Crypto Tax Data to Be Collected in 48 Countries Ahead of CARF 2027
A new global tax transparency push will see crypto news take a regulatory turn in 2026, as 48 countries and jurisdictions begin systematically recording crypto wallet transactions under the OECD’s Crypto-Asset Reporting Framework (CARF). The goal is to tighten oversight of blockchain-based activity, combat tax evasion, and bring the fast‑growing crypto pur ecosystem closer to traditional financial reporting standards.
What CARF Is and When It Starts
CARF is an international tax transparency regime developed by the OECD to standardize how countries collect and share data on crypto-asset activity. It is scheduled to take full effect in 2027, when participating jurisdictions will start automatically exchanging information with each other. However, from Jan. 1, 2026, crypto service providers in those jurisdictions must already begin collecting the necessary transaction data so that it can be reported once exchanges go live in 2027. This marks a major shift from voluntary or patchwork reporting to a coordinated global framework.

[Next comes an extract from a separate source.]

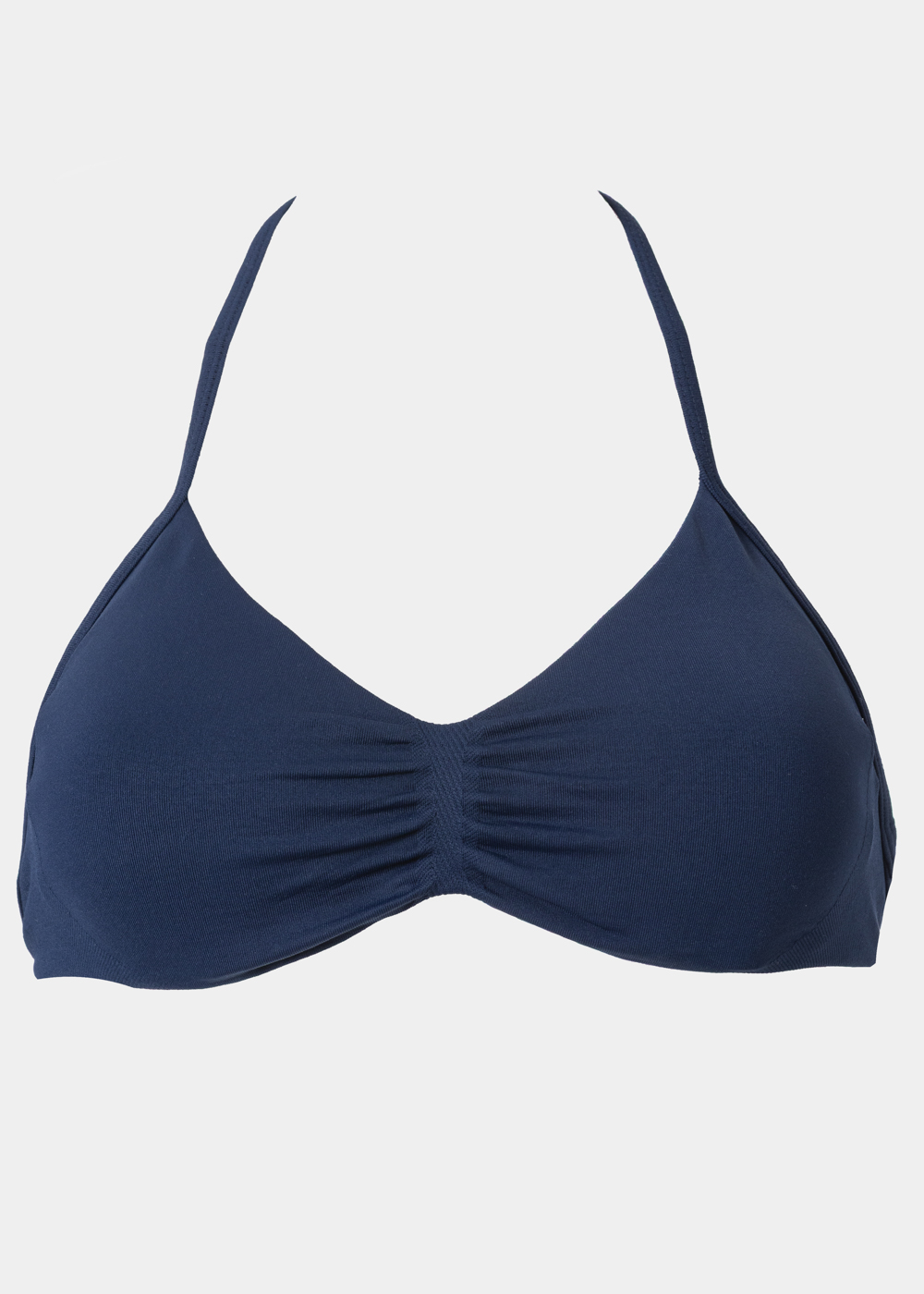 G28A0165 copy Navy Blue Seamless Halterneck Sports Bra - Image 1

Who Has to Collect Crypto Tax Data?
Under CARF, a wide range of crypto intermediaries are caught by the rules. Centralized exchanges, certain decentralized platforms, brokers, dealers, and even crypto ATMs operating in participating countries will be required to capture detailed information on users and their blockchain transactions. Many of the 48 early‑adopting jurisdictions have either enacted the needed legislation or are in the final stages of bringing those laws into force so that collection can run throughout 2026. The primary aim is to ensure taxpayers cannot hide crypto income or gains simply by using offshore exchanges or wallets.
Global Rollout in Two Waves
The initial group of 48 countries will start gathering reportable data during 2026 so they can begin cross‑border information exchanges in 2027. A second wave of 27 jurisdictions, including Australia, Canada, Mexico, and Switzerland, is scheduled to start sharing data a year later, in 2028, but still must begin collecting CARF‑compliant information by Jan. 1, 2027. Some, like Hong Kong, are already consulting on how to embed CARF into domestic law and how to update existing tax reporting standards to better address blockchain technology and cross‑border digital asset flows.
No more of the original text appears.